-- Given data follows --
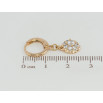 Серьги Xuping Позолота 18K подвески на колечках Кристальные цветочки фото №2
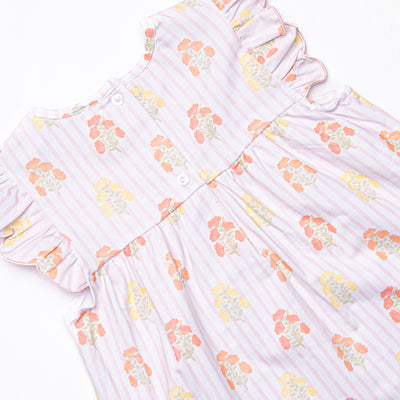 Pinstripe Petals Short Set, Pink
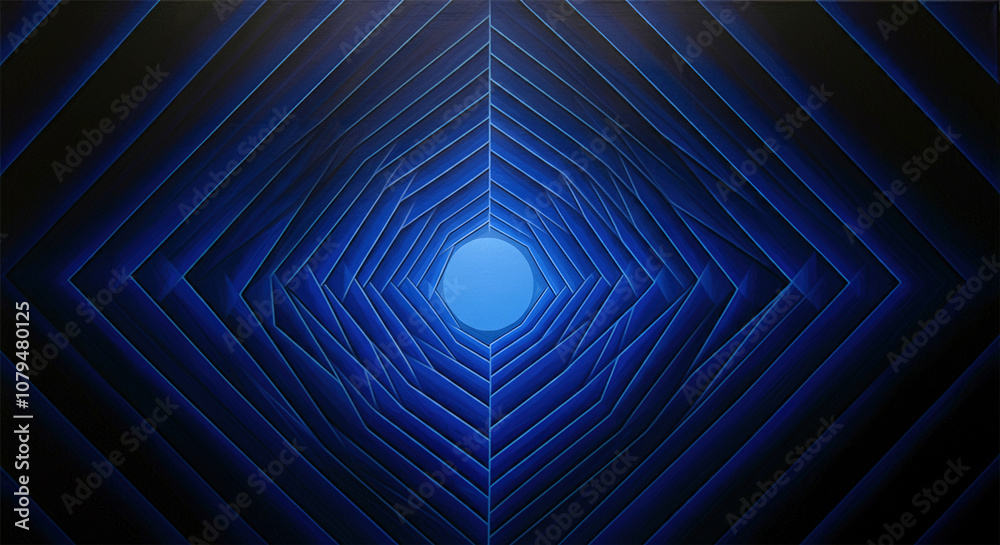 Poster cyber futuristic speed tunnel. sci-fi colors wormhole. abstract 3d wireframe portal with connections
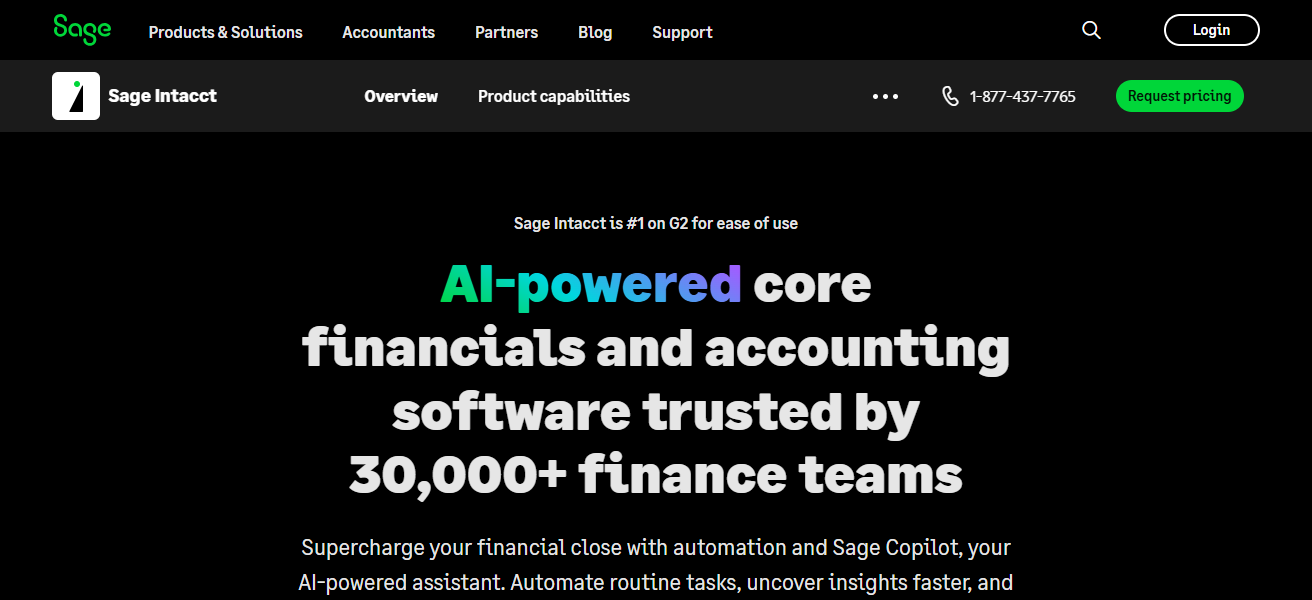 Sage Intacct (Core Finance)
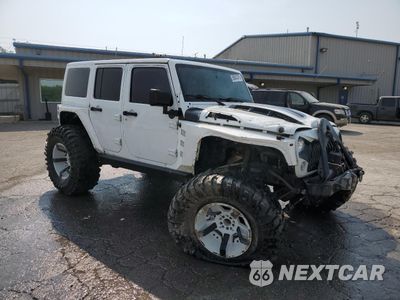 Czwarte zdjęcie samochodu z boku: 2014 JEEP WRANGLER UNLIMITED SPORT VIN:1C4BJWDG2EL311662 - miniatura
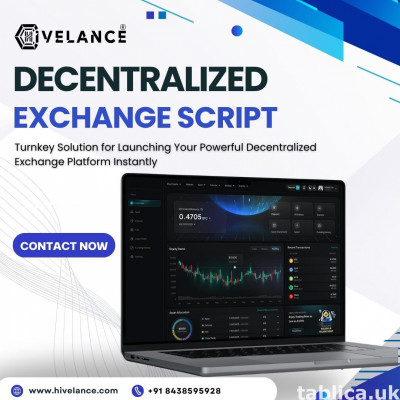Launch Your DEX With Our Decentralized Exchange Script 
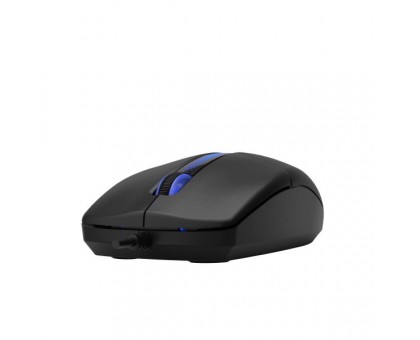 Миша A4Tech N-530S (Black) дротова безшумна USB, синє підсвічування, 1200 dpi, чорна Миша A4Tech N-530S (Black) дротова безшумна USB, синє підсвічування, 1200 dpi, чорна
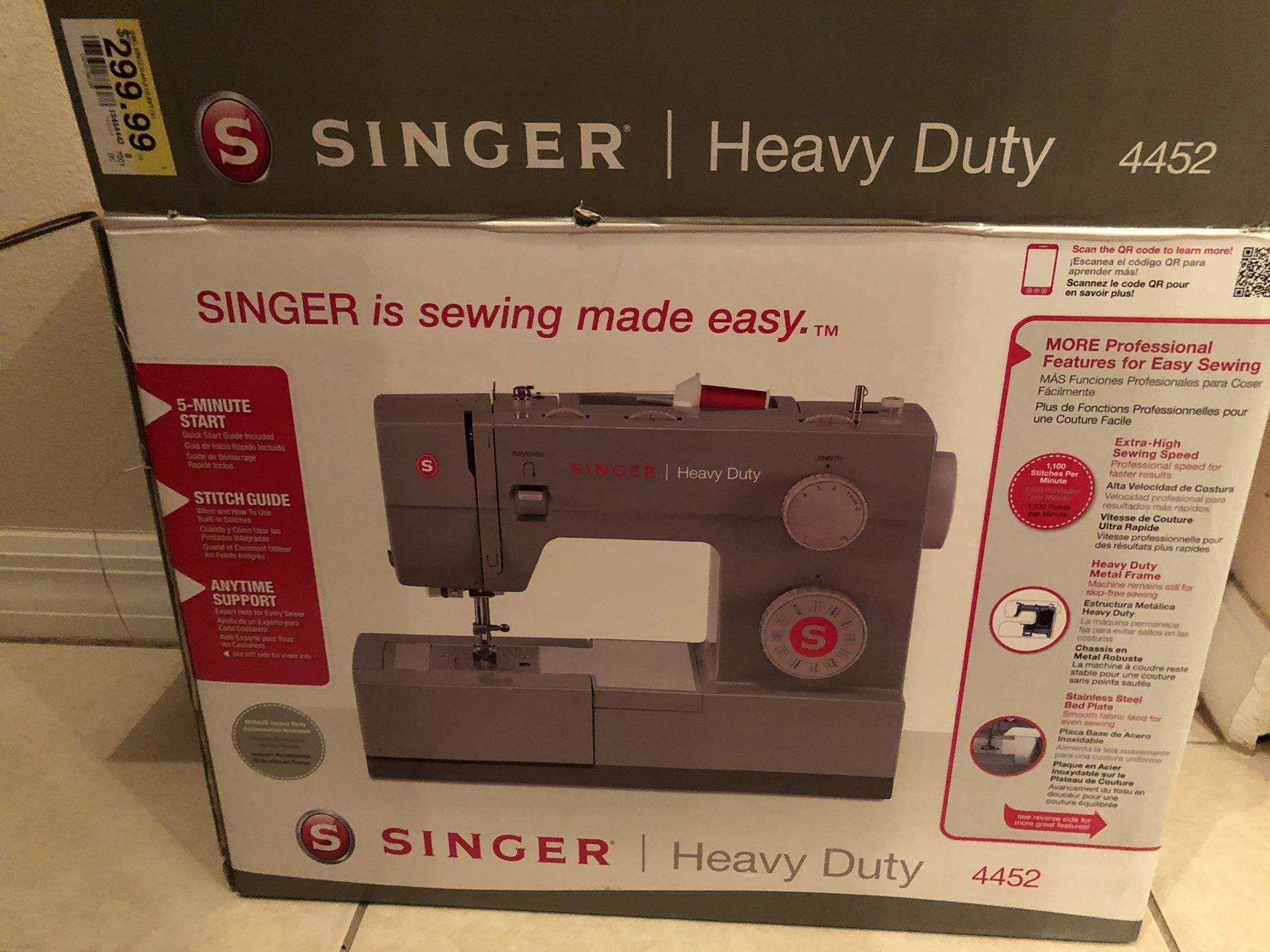 Singer Heavy Duty HD 4452 Sewing Machine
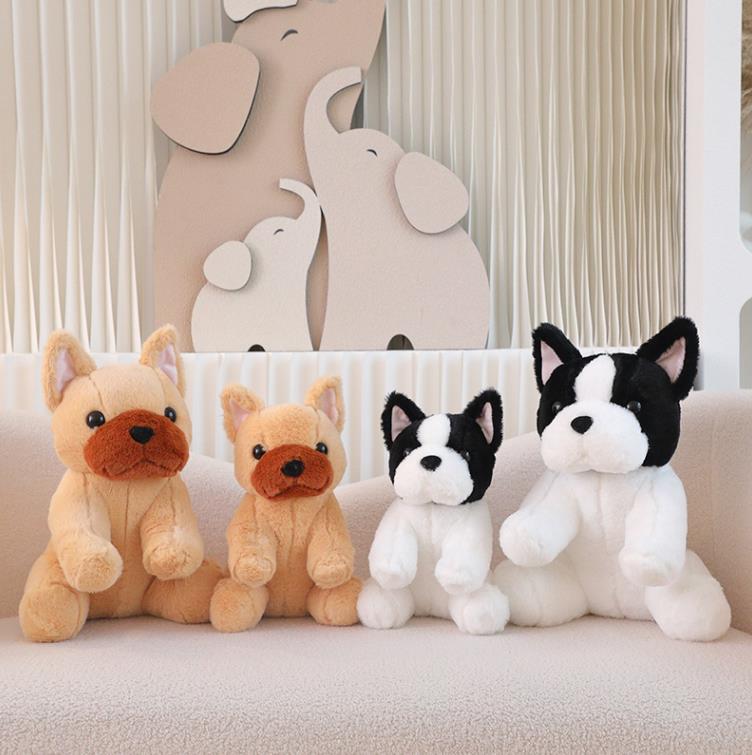 Super Soft Cute French Bulldog Stuffed Animal Toys Dog Plushies Toy Gifts For Children 8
-- Given data concluded --
▶ **Your goal**
Print the records again exactly, pictures excluded.

▶ **Task result**
 Серьги Xuping Позолота 18K подвески на колечках Кристальные цветочки фото №2
 Pinstripe Petals Short Set, Pink
 Poster cyber futuristic speed tunnel. sci-fi colors wormhole. abstract 3d wireframe portal with connections
 Sage Intacct (Core Finance)
 Czwarte zdjęcie samochodu z boku: 2014 JEEP WRANGLER UNLIMITED SPORT VIN:1C4BJWDG2EL311662 - miniatura
Launch Your DEX With Our Decentralized Exchange Script 
 Миша A4Tech N-530S (Black) дротова безшумна USB, синє підсвічування, 1200 dpi, чорна Миша A4Tech N-530S (Black) дротова безшумна USB, синє підсвічування, 1200 dpi, чорна
 Singer Heavy Duty HD 4452 Sewing Machine
 Super Soft Cute French Bulldog Stuffed Animal Toys Dog Plushies Toy Gifts For Children 8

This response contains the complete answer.